§ Exercise prompt:
Please print the entries below exactly, from the line with "Like what you" through the line with "a background color, a", including both of those lines and leaving out all others.

§ Input data:
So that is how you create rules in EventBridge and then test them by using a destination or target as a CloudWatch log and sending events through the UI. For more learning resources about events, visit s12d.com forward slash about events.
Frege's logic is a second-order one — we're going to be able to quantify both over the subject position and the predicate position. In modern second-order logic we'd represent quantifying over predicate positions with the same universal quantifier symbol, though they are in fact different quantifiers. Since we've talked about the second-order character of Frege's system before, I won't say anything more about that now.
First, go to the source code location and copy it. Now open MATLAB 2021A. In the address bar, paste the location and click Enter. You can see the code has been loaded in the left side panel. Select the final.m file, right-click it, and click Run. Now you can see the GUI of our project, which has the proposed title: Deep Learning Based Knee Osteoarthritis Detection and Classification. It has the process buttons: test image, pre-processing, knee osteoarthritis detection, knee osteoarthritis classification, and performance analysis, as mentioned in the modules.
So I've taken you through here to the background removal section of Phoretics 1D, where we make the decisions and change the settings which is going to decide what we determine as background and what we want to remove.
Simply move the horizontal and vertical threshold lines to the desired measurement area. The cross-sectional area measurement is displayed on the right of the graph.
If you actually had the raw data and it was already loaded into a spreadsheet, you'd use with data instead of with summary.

--

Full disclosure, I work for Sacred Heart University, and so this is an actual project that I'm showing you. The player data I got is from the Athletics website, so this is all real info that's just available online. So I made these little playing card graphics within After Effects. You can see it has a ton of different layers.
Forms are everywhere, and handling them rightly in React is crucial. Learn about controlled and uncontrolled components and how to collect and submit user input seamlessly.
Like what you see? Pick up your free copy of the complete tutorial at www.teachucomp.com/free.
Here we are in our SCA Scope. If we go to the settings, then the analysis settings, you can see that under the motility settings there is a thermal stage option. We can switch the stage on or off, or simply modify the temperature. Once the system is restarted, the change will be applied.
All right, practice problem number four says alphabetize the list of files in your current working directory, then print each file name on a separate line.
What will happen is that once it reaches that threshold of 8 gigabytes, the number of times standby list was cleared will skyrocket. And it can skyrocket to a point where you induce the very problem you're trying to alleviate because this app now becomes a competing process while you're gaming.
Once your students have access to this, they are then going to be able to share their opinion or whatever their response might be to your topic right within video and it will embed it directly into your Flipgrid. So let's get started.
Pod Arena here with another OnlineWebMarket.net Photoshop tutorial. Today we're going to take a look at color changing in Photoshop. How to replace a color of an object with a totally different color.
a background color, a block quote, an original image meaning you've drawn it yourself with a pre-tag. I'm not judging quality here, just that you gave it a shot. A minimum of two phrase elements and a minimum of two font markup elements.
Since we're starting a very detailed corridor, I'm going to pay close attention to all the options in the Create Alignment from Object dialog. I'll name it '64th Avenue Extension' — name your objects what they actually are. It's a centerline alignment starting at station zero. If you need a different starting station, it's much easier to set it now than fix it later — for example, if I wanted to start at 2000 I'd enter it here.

§ Solution to the exercise:
Like what you see? Pick up your free copy of the complete tutorial at www.teachucomp.com/free.
Here we are in our SCA Scope. If we go to the settings, then the analysis settings, you can see that under the motility settings there is a thermal stage option. We can switch the stage on or off, or simply modify the temperature. Once the system is restarted, the change will be applied.
All right, practice problem number four says alphabetize the list of files in your current working directory, then print each file name on a separate line.
What will happen is that once it reaches that threshold of 8 gigabytes, the number of times standby list was cleared will skyrocket. And it can skyrocket to a point where you induce the very problem you're trying to alleviate because this app now becomes a competing process while you're gaming.
Once your students have access to this, they are then going to be able to share their opinion or whatever their response might be to your topic right within video and it will embed it directly into your Flipgrid. So let's get started.
Pod Arena here with another OnlineWebMarket.net Photoshop tutorial. Today we're going to take a look at color changing in Photoshop. How to replace a color of an object with a totally different color.
a background color, a block quote, an original image meaning you've drawn it yourself with a pre-tag. I'm not judging quality here, just that you gave it a shot. A minimum of two phrase elements and a minimum of two font markup elements.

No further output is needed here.